# Parmesan Tilapia Fillets



## Ol-blue (Jul 18, 2007)

This recipe is quick and easy and sure to become a family favorite.
Enjoy! Debbie

Parmesan Tilapia Fillets







12 ounce(s) (about 6) TILAPIA FILLETS
1/2 cup(s) PARMESAN CHEESE; Grated.
2 tablespoon(s) BUTTER; Softened.
2 tablespoon(s) SOUR CREAM
1 1/2 teaspoon(s) LEMON JUICE
1/8 teaspoon(s) BASIL
1/8 teaspoon(s) BLACK PEPPER
1/8 teaspoon(s) ONION POWDER
1/8 teaspoon(s) GARLIC POWDER
_____ 
Grease a broiling pan or line pan with some aluminum foil.
In a bowl, mix together the Parmesan cheese, butter, sour cream, lemon juice, basil, pepper, onion powder and garlic powder.
Stir well to combine.
Arrange tilapia fillets in a single layer on broiling pan.
Broil a few inches from the heat for 2 to 3 minutes.
Flip the fillets over and broil for a couple more minutes.
Remove the fillets from the oven and spread each fillets with the Parmesan cheese mixture.
Broil for 2 more minutes or until the topping just starts to brown and fish flakes easily with a fork.
Be careful not to over cook the fish.
_____


----------



## BreezyCooking (Jul 18, 2007)

Thanks for the recipe - sounds delicious.  I'm not a Tilapia fan, but your recipe would certainly work with any other white fish filet, like flounder or cod.  Again - thanks!


----------



## Ol-blue (Jul 18, 2007)

I'm sure it would work great. Enjoy!


----------



## Caine (Jul 19, 2007)

I love tilapia fillets, but I never could quite get my head around cheese on seafood (yes, I know that tilapia is a fresh water fish, but I still call it seafood!). 

This sounds sort of like "fish parmigian." I've made parmigian with veal, of course, and chicken, and even pork cutlets, but never with fish. It does sound interesting though.
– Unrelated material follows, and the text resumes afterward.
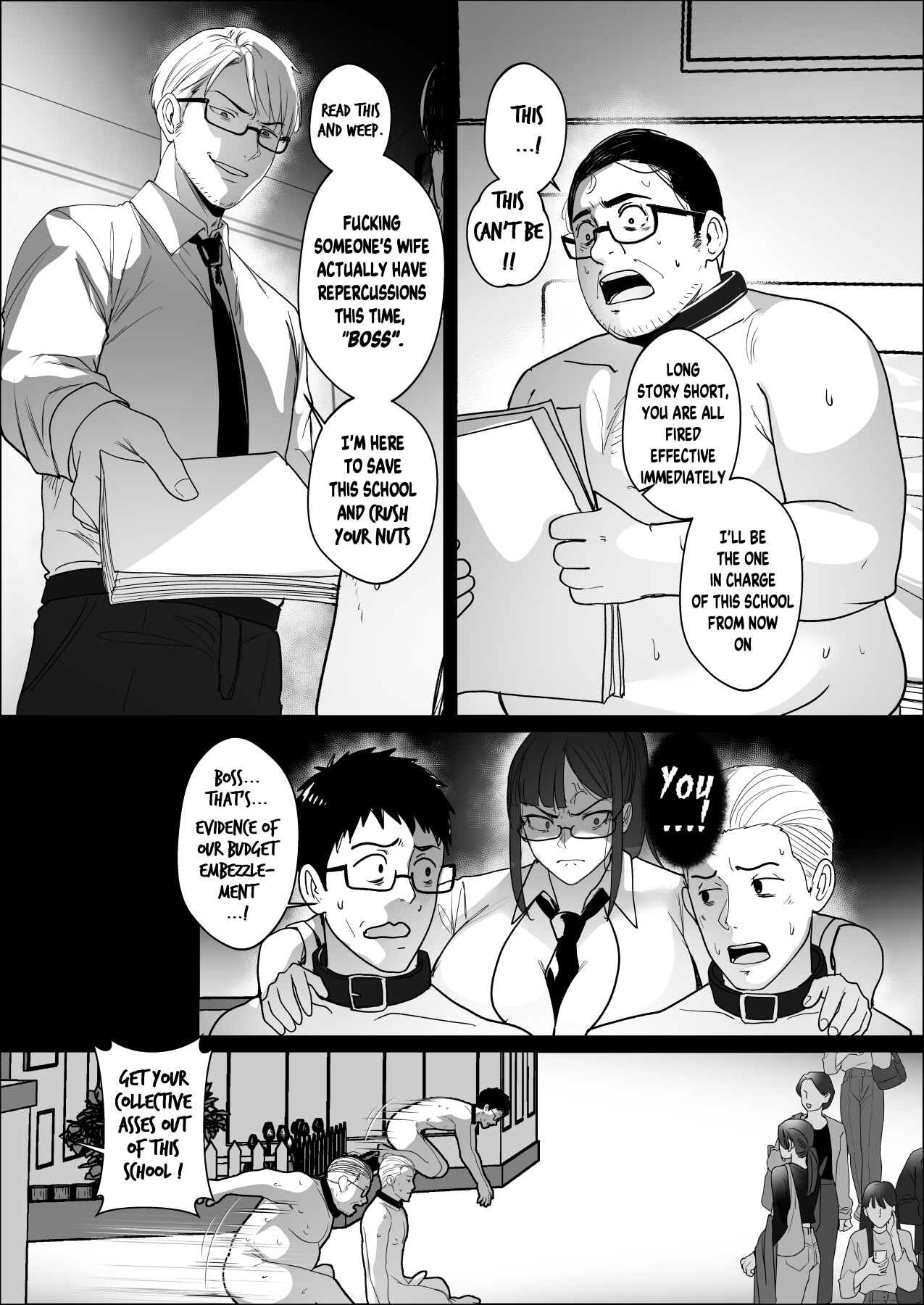 Hentai Manga Comic-Good Teachers 4-Read-48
Maybe some day, if I can get the idea of cheese and fish together into my sometimes narrow mind...


----------



## LadyCook61 (Feb 7, 2008)

looks good, thanks for the recipe .


----------



## BreezyCooking (Feb 9, 2008)

Caine - if you like shrimp, Shrimp Parmesan might be a good way to start getting used to seafood + cheese.  It's one of our favorites, & in fact I'm making it for dinner tonight.

I just saute a pound of large shelled shrimp in some extra-virgin olive oil & some chopped garlic & dried oregano until the shrimp just turn pink on both sides.

I then put a thin layer of jarred sauce (Barilla or Bertolli usually) in the bottom of 2 individual oval ramekins & add a layer of shrimp on top.  Then a little more sauce + some shredded mozzarella & shredded parmesan cheese.  Then another layer of shrimp, more sauce, & a finishing topping of cheese.  Then all goes into a 350 oven till heated thru & the cheese topping is fully melted.  I've also made this in a square baking dish rather than individual baking dishes - no difference.

I serve it with rotini pasta tossed with a little of the leftover jarred sauce & a green salad.


----------